I write a weekly book review for the Daily News of Galveston County. (It is not the biggest daily newspaper in Texas, but it is the oldest.) After my review appears, I post the review here on Sunday.

Book Review

‘Taking Flight’ explores the beginning of commercial aviation

By MARK LARDAS

May 5, 2019

Taking Flight: The Foundations of American Commercial Aviation, 1918-1938 by M. Houston Johnson V, Texas A&M University Press, 2019, 300 pages, $44.96

Today we go to the airport, hop a jet and fly anywhere in the nation secure we will arrive swiftly and safely. In 1919, commercial air travel fit Hobbes’s definition of a state of nature. It involved continual fear and danger of violent death, and was nasty, brutish and short.

“Taking Flight: The Foundations of American Commercial Aviation, 1918-1938” by M. Houston Johnson V, explores the beginnings of aviation’s transition to a safe, effective mode of transportation.

Its focus is the years between the end of World War I and the start of World War II. This period established the commercial aviation infrastructure still used today. The heart of the book examines establishing federal control of commercial aviation starting in 1921, in the Harding administration.

The most compelling reason for federal control of commercial aviation was it would soon be interstate commerce, a federal responsibility. The question was what form of federal control was appropriate? Did the government establish airways with local communities taking responsibility for airfields? This was the model followed for ships. The government developed the navigation lanes. Cities built ports and docks.

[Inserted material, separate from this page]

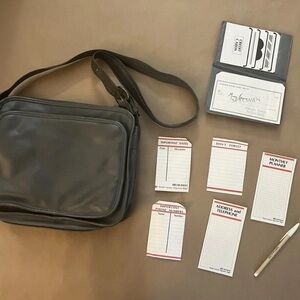 VTG Breakaway Organizer Shoulder Bag w/ Original Inserts Gray Faux Leather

Another issue was how to foster commercial aviation. In Europe, governments subsidized or even owned airlines. This model ran counter to American sensibilities. In the United States there was a desire for privately-owned and operated airlines.

Johnson shows how the federal government answered those questions. The Department of Commerce set aviation policy from 1921 through 1925 until the Air Mail Act of 1924, and the Air Commerce Act of 1926 emerged. He also looks at the Air Mail hearings in 1934, and the use of the WPA in airfield construction.

The book’s unlikely hero turns out to be Herbert Hoover. As commerce secretary between 1921 and 1928, he created the foundation of today’s aviation transportation network. Airmail subsidies allowed the government to encourage privately-owned airlines without imposing government ownership. Hoover also oversaw creation of aircraft and pilot certification systems still used today.

“Taking Flight” is a fascinating look back at American aviation’s infancy. It shows how much went right, and what could have gone wrong.

Mark Lardas, an engineer, freelance writer, amateur historian, and model-maker, lives in League City. His website is marklardas.com.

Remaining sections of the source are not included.